We decided to judge the performance of our pre-processing steps using AUC scoring. **JEFF EXPLAIN HERE**

Due to the time series nature of the data, the main features we went with were rolling statistics. These served as a means of smoothing the data, and extracting relevant statistics that could provide useful features. 

In [9]:
#Create a function that trains and runs a logistic regression model. Then prints and returns the AUC score
def regression_test(metric_string, train_data, train_label, test_data, test_label):
    
    Logistic_Reg = LogisticRegression(tol = .001)    
    Logistic_Reg.fit(train_data, train_label)
    prob = Logistic_Reg.predict_proba(test_data)
    print(metric_string, "AUC =", round(roc_auc_score(test_label, prob[:,1]),4))

def Test_Features():
    #just test on subject 1, series 1,2 and 3
    train_data, train_labels = open_data('[1]','[1,2]')
    test_data, test_labels = open_data('[1]','[3]')



    train_labels=train_labels['HandStart']
    test_labels=test_labels['HandStart']
    regression_test("lowpass filter",preprocess_data(np.asarray(train_data)),train_labels,preprocess_data(np.asarray(test_data)),test_labels)

    regression_test("Rolling Mean w/ Window of 100",df_rolling_metric(train_data,100,"mean"),train_labels,df_rolling_metric(test_data,100,"mean"),test_labels )
    regression_test("Rolling Mean w/ Window of 400",df_rolling_metric(train_data,400,"mean"),train_labels,df_rolling_metric(test_data,400,"mean"),test_labels)
    regression_test("Rolling Mean w/ Window of 700",df_rolling_metric(train_data,700,"mean"),train_labels,df_rolling_metric(test_data,700,"mean"),test_labels)
    regression_test("Rolling Mean w/ Window of 1000",df_rolling_metric(train_data,1000,"mean"),train_labels,df_rolling_metric(test_data,1000,"mean"),test_labels)
    regression_test("Rolling Mean w/ Window of 1500",df_rolling_metric(train_data,1500,"mean"),train_labels,df_rolling_metric(test_data,1500,"mean"),test_labels)
    regression_test("Rolling Mean w/ Window of 2000",df_rolling_metric(train_data,2000,"mean"),train_labels,df_rolling_metric(test_data,2000,"mean"),test_labels)

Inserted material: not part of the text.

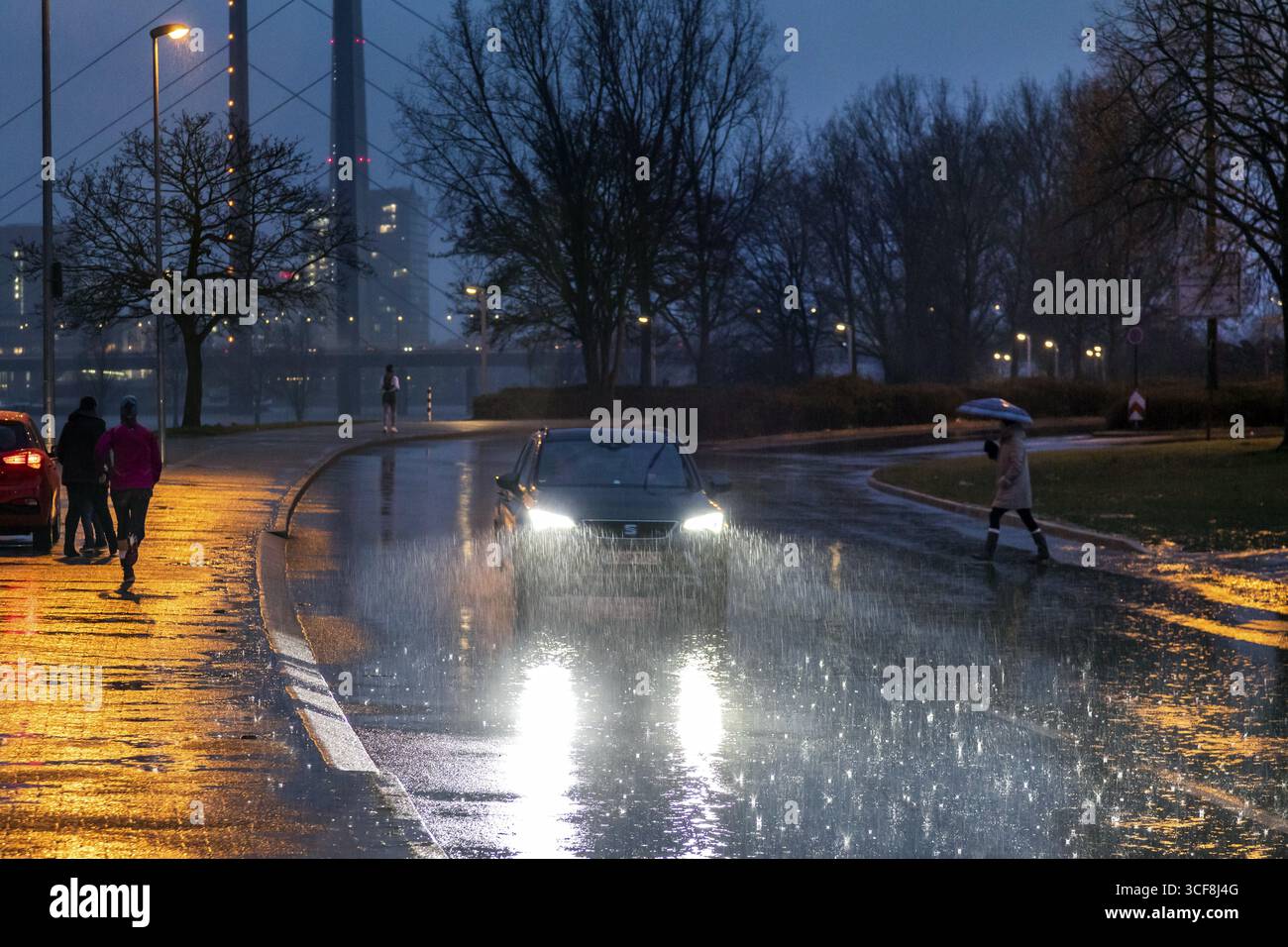 Starkregen verursacht schwierige Straßenverhältnisse in Düsseldorf am Rhein, im Hintergrund die Rheinkniebruecke und der Rheinturm, regnerisches Wetter, Heav Stockfoto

    regression_test("Rolling Mean_Abs w/ Window of 100",df_rolling_metric(train_data,100,"mean","abs"),train_labels,df_rolling_metric(test_data,100,"mean","abs"),test_labels)
    regression_test("Rolling Mean_Abs w/ Window of 400",df_rolling_metric(train_data,400,"mean","abs"),train_labels,df_rolling_metric(test_data,400,"mean","abs"),test_labels)
    regression_test("Rolling Mean_Abs w/ Window of 700",df_rolling_metric(train_data,700,"mean","abs"),train_labels,df_rolling_metric(test_data,700,"mean","abs"),test_labels)
    regression_test("Rolling Mean_Abs w/ Window of 1000",df_rolling_metric(train_data,1000,"mean","abs"),train_labels,df_rolling_metric(test_data,1000,"mean","abs"),test_labels)
    regression_test("Rolling Mean_Abs w/ Window of 1500",df_rolling_metric(train_data,1500,"mean","abs"),train_labels,df_rolling_metric(test_data,1500,"mean","abs"),test_labels)
    regression_test("Rolling Mean_Abs w/ Window of 2000",df_rolling_metric(train_data,2000,"mean","abs"),train_labels,df_rolling_metric(test_data,2000,"mean","abs"),test_labels)

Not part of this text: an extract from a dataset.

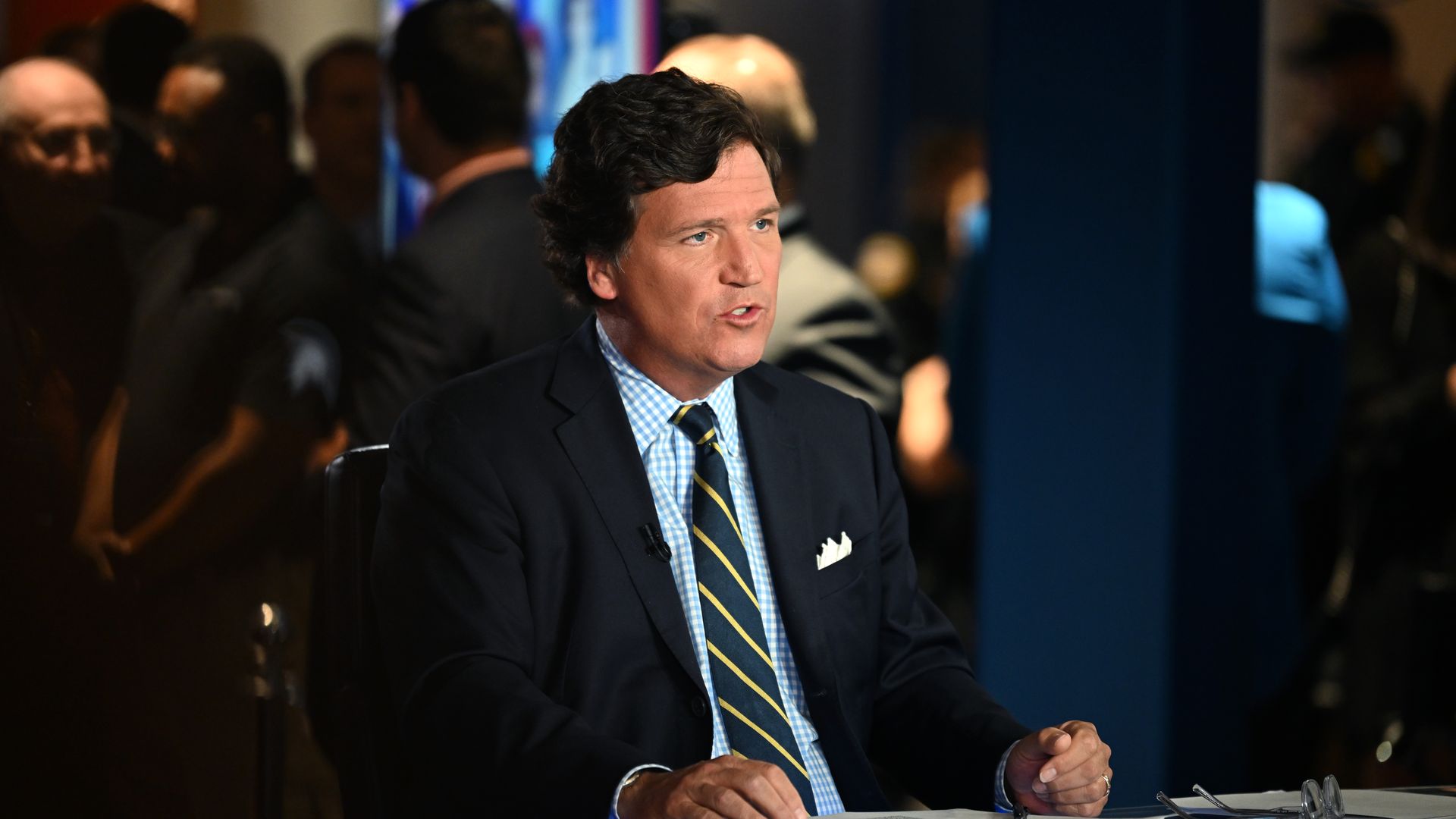 Photo of Tucker Carlson sitting at a desk while he hosts Fox and Friends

    print("Let's try mean squared error as well to accentuate the large absolute values")
    regression_test("Rolling Mean_Square w/ Window of 100",df_rolling_metric(train_data,100,"mean","square"),train_labels,df_rolling_metric(test_data,100,"mean","square"),test_labels)
    regression_test("Rolling Mean_Square w/ Window of 400",df_rolling_metric(train_data,400,"mean","square"),train_labels,df_rolling_metric(test_data,400,"mean","square"),test_labels)
    regression_test("Rolling Mean_Square w/ Window of 700",df_rolling_metric(train_data,700,"mean","square"),train_labels,df_rolling_metric(test_data,700,"mean","square"),test_labels)
    regression_test("Rolling Mean_Square w/ Window of 1000",df_rolling_metric(train_data,1000,"mean","square"),train_labels,df_rolling_metric(test_data,1000,"mean","square"),test_labels)
    regression_test("Rolling Mean_Square w/ Window of 1500",df_rolling_metric(train_data,1500,"mean","square"),train_labels,df_rolling_metric(test_data,1500,"mean","square"),test_labels)
    regression_test("Rolling Mean_Square w/ Window of 2000",df_rolling_metric(train_data,2000,"mean","square"),train_labels,df_rolling_metric(test_data,2000,"mean","square"),test_labels)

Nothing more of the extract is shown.